If, like most cloud users, you’re beholden to one of the big guys, chances are you’ve seen some eye-watering price hikes over the years — and there’s no need to put up with it.
Micron21 Head Of Customer & Commercial Sheldon Dyer says to understand how hard the “data price squeeze”, driven by inflationary pressures and vendors trying to hold their margins, has hit, you only need to look at major cloud computing software company VMware.
“When Broadcom acquired it in 2023, they went for a different business model, changing its licensing agreements to reduce its smaller customer footprint and drive higher margins from its top end.
“As a high-level partner, we were looking at a jump from $350,000 to $1.2 million to provide software through VMware. That was untenable.”
Micron21 took a long, hard look at whether they’d continue with VMware. Not only did it remain one of the best products in that space, but a lack of alternatives drove customers to it, especially bigger companies and government agencies with complex environments.
Instead, they bit the bullet and created their own platform — and mCloud is pulling no punches.
mCloud delivers public, private and hybrid cloud solutions with scalable compute, storage and networking. It operates from Australia’s first Tier IV data centre with full redundancy and synchronising data across three geographically separate locations.
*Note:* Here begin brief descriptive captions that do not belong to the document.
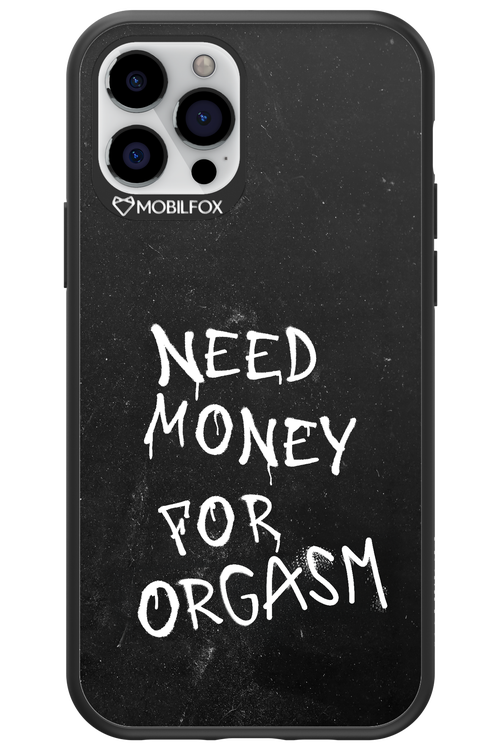 Orgasm 2.0 - Apple iPhone 12 Pro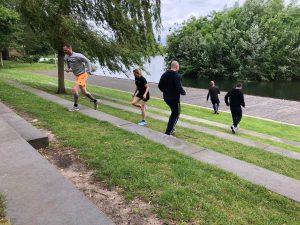 bootcamp, bootcamp den bosch, outdoor les, afvallen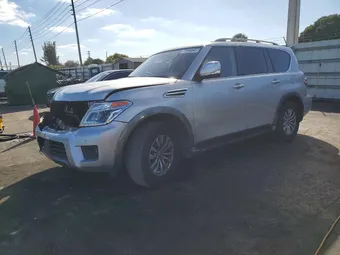 2020 Nissan Armada JN8AY2ND5L9111779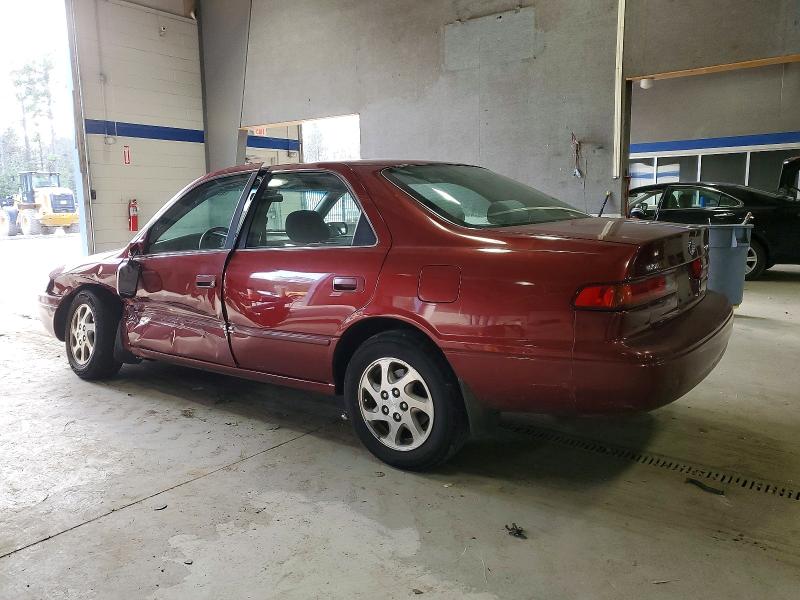Photo 2 from auction – 1999 TOYOTA CAMRY with VIN JT2BF22K9X0172824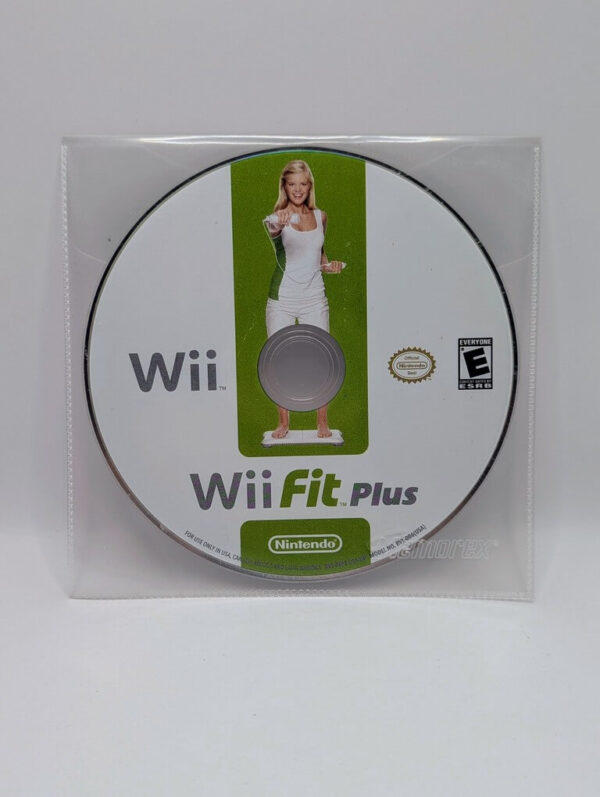 Wii Fit Plus [Loose]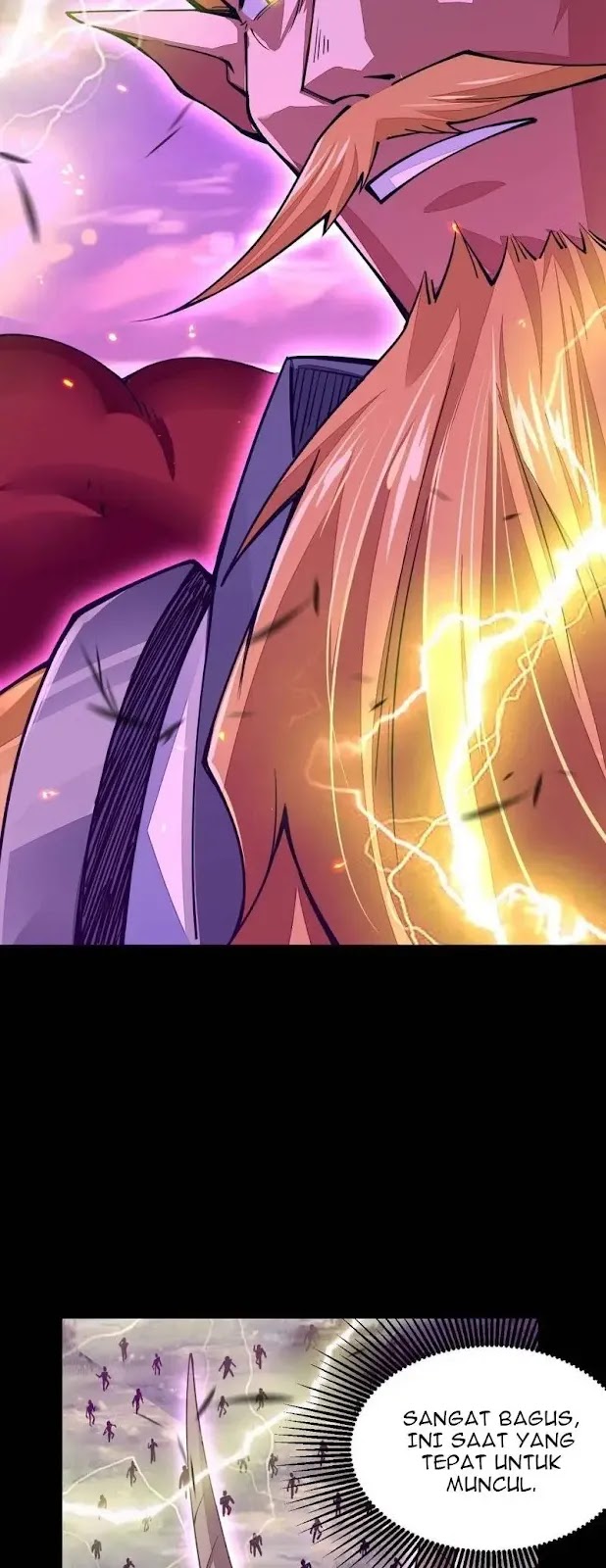 Sword Gods Life Is Not That Boring Chapter 21 Gambar 40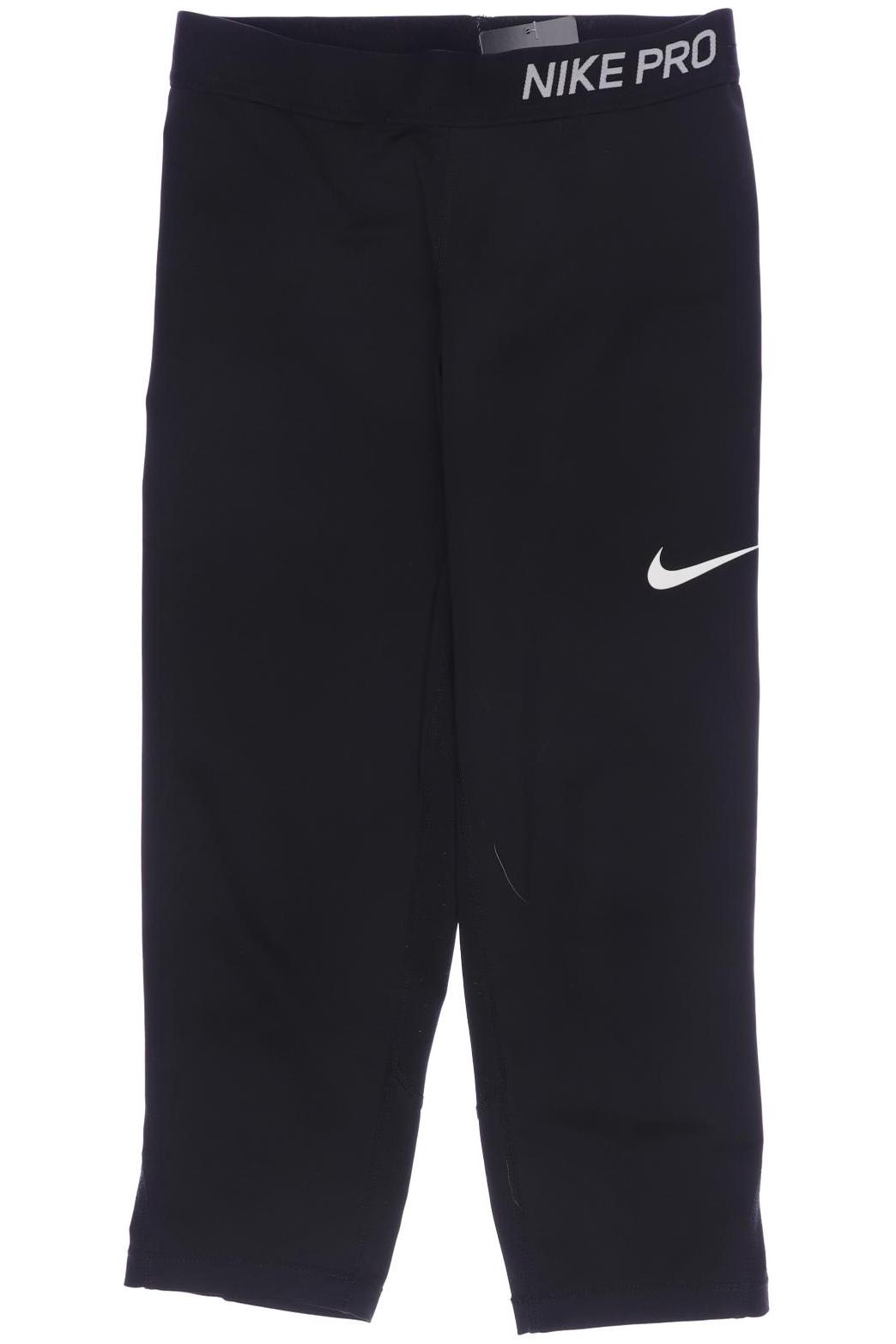

Nike Mädchen Stoffhose, schwarz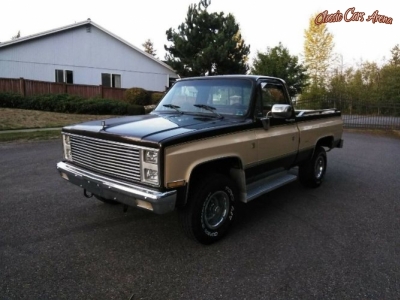 1987 GMC 1500 for sale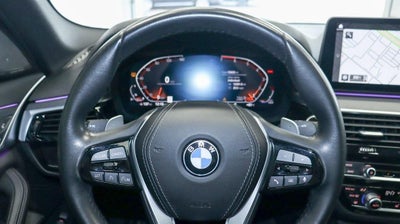 2022 BMW 5 Series 530i xDrive
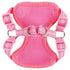 Pet Life ® 'Flam-Bowyant' Mesh Reversed and Adjustable Dog Harness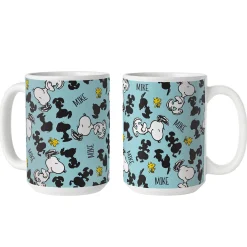 PEANUTS® All Over Snoopy™ Pattern Mug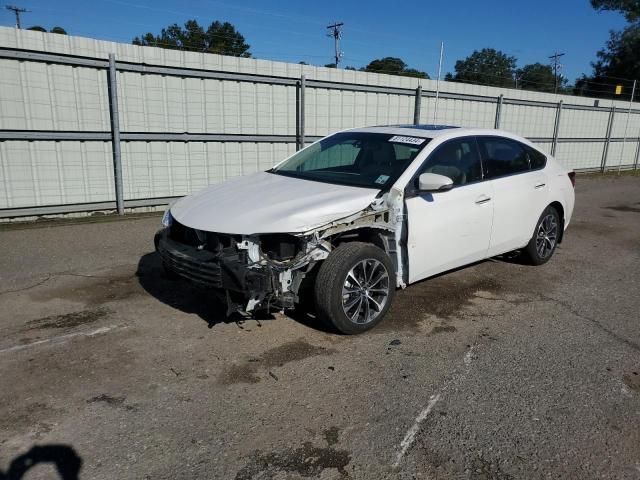 2018 Toyota Avalon XLE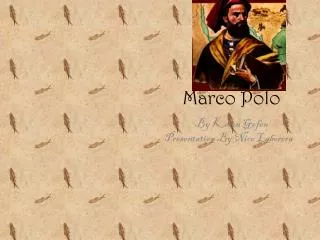 Marco Polo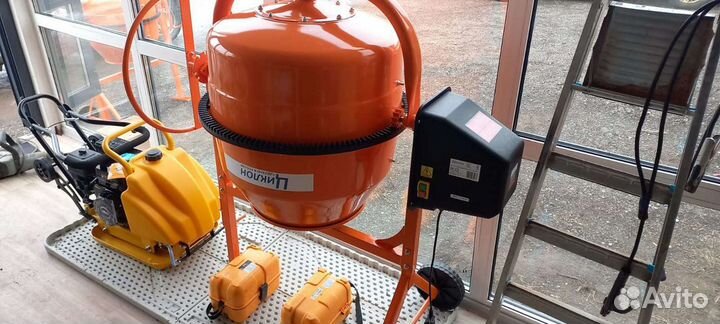 Аренда строительного инструмента без залога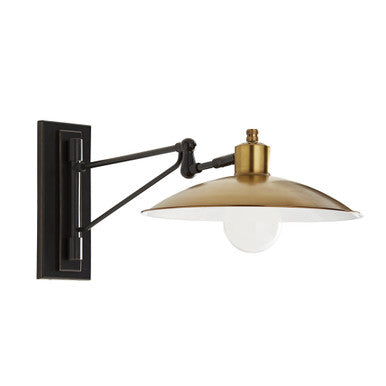 Arteriors Home Nox Sconce 49084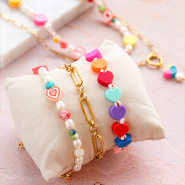 Inspiratiesets Sieraden inspiratie met polymeer kralen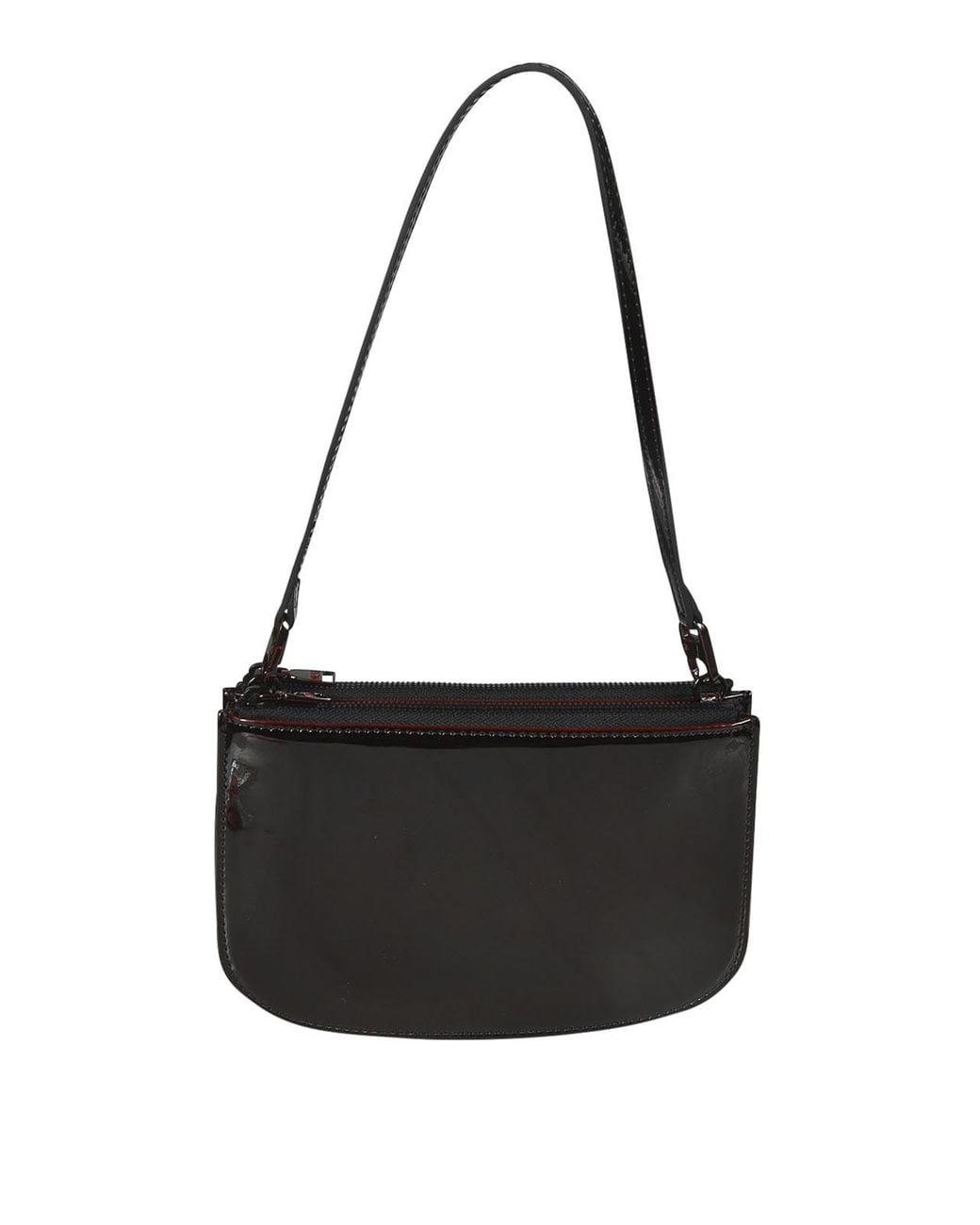 DIESEL Black Technical Fabric Backpack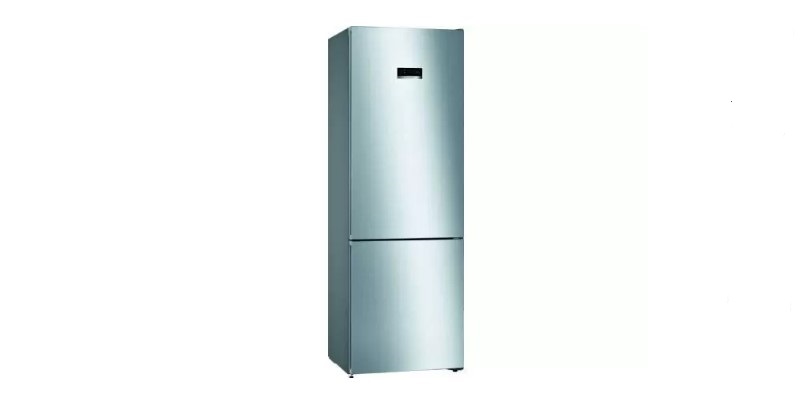 Bosch kombinovani frižider u sivoj boji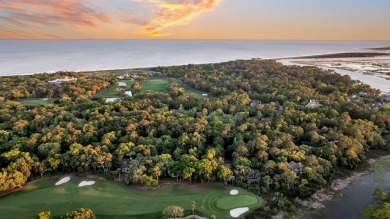 Introducing an exceptional opportunity to own a captivating home on Kiawah Island Resort - Cougar Point in South Carolina - for sale on GolfHomes.com, golf home, golf lot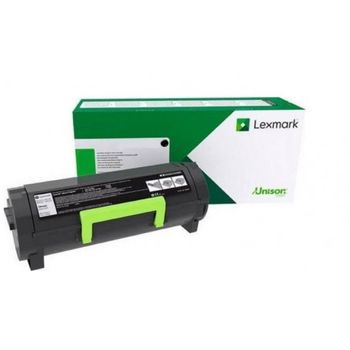 Lexmark - 24b6890 Cartucho De Tóner 1 Pieza(s) Original Negro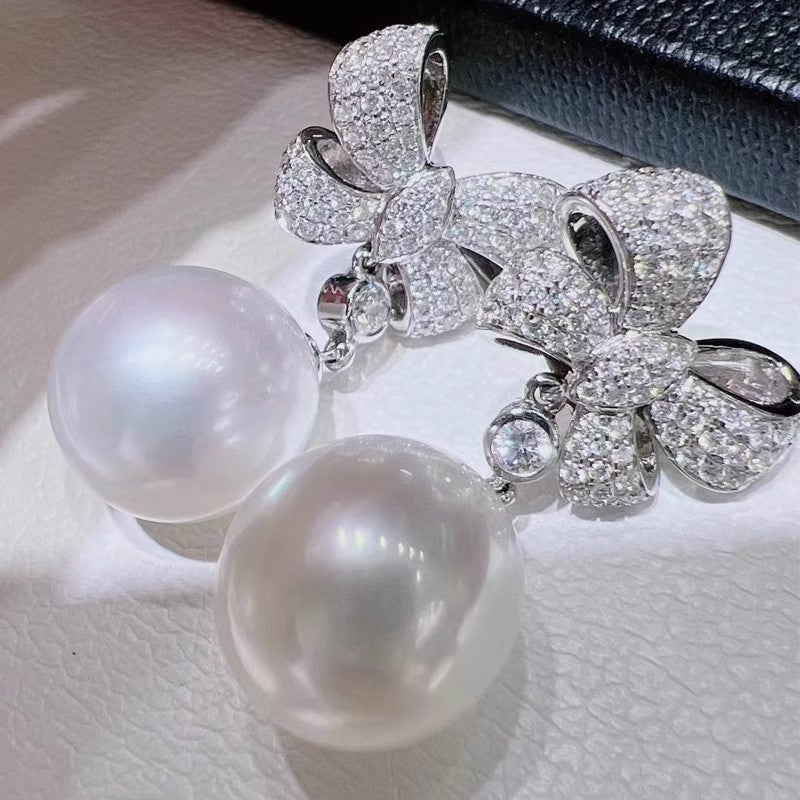 Stunning Pearl Earring for Daily Wear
The platform utilises OpenStack, an open-source cloud management system, and Ceph, a scalable storage solution, to provide businesses with flexibility, control, and cost-effective infrastructure.
All of this is backed by 24/7 support from Australian-based cloud specialists, ensuring smooth deployments and rapid troubleshooting.
In performance, reliability and cost efficiency, the platform is stacking up against what Sheldon calls the ‘Big Three’ — AWS, Azure and Google Cloud — and they’re happy to prove it.
“On our website, we have a pricing calculator where you can compare to the Big Three. It shows that by becoming a cloud provider ourselves with no middleman, we’re able to achieve economies of scale and bring our cost structure down — a lot,” Sheldon says.
“To give you an indicator, for the same service mCloud provides for $82, you’ll pay close to $500 with the Big Three.”
Using top-of-the-line high-speed Intel Xeon Gold computing power, high-performance NVMe SSD storage and ultra-fast 100Gbps networking, the price is compelling, but so is the product.
Unlike most other providers, it applies no constraints to storage, and its Tier IV data centre — the only sovereign commercial data centre in the market — provides unparalleled contingency, redundancy and resilience, with a 99.9 per cent uptime guarantee.
This is backed by a support plan offering 24/7 customer service, and an offer to do all the heavy lifting to migrate customers from their all-in-one “hyperconverged” data centre systems to mCloud.
They also offer a price-beat guarantee and a free trial, welcoming new customers to test the waters.
“In short, in price, capability and service, we’ve smashed it out of the ballpark — and we invite you to hold us to it,” Sheldon says.